The shift isn’t going to be immediate. In 1633, ninety years after Copernicus published On The Revolutions of the Heavenly Spheres, Galileo was tried by the Roman Inquisition for defending the theory that the earth revolves around the sun, and spent the rest of his life under house arrest. It’s going to take a while to reorient our thinking about work and put our humanity at the center. But we can see it emerging. Earlier this month, Surgeon General Dr. Vivek Murthy released The Surgeon General’s Framework for Mental Health & Well-Being in the Workplace.
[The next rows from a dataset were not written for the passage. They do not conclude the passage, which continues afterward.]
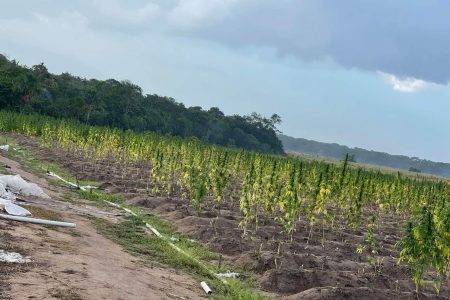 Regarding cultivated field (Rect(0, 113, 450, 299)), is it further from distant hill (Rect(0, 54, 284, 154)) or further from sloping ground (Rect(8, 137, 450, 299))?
distant hill (Rect(0, 54, 284, 154))

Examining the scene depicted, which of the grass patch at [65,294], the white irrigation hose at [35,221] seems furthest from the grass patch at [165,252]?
the grass patch at [65,294]

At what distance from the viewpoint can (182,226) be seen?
1484cm

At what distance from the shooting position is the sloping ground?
10.1 meters

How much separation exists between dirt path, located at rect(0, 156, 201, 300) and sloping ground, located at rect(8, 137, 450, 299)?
2.23 m

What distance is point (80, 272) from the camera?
26.5 feet

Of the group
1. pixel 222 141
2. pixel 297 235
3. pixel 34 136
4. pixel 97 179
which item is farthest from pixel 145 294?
pixel 222 141

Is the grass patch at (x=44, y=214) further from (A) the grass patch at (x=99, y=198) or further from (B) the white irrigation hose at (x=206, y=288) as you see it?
(B) the white irrigation hose at (x=206, y=288)

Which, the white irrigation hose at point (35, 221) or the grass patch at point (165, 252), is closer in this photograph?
the grass patch at point (165, 252)

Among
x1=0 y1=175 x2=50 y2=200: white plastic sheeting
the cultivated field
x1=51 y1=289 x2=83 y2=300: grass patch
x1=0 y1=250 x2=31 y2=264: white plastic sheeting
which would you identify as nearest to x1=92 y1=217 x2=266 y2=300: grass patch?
the cultivated field

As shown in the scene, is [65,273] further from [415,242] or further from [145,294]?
[415,242]

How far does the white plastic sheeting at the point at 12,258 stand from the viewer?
7.86m

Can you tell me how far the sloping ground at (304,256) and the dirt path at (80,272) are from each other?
7.32 ft

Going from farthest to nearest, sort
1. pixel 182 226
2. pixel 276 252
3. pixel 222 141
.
A: pixel 222 141
pixel 182 226
pixel 276 252

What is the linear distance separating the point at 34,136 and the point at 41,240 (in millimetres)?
46445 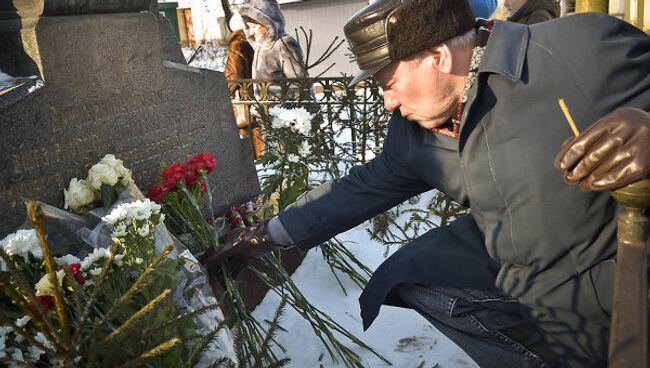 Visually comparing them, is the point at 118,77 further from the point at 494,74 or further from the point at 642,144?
the point at 642,144

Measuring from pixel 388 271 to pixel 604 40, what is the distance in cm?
104

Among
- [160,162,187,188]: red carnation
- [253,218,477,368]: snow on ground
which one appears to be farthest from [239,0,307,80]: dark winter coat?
[160,162,187,188]: red carnation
It’s a call to action for employers not just to prioritize their employees’ mental health at work, but to “make space for their lives outside work.” And it envisions a world where our workplaces are “engines for mental health and well-being” rather than factories of burnout.
People are expressing their desire for a new way of living and working in their own individual ways. But what they all add up to is a collective longing to stop living in the shallows, which is where we’re confined when our full identity is reduced to our work. Only by putting our humanity at the center can we truly thrive. That’s the essence of the Human Energy Revolution.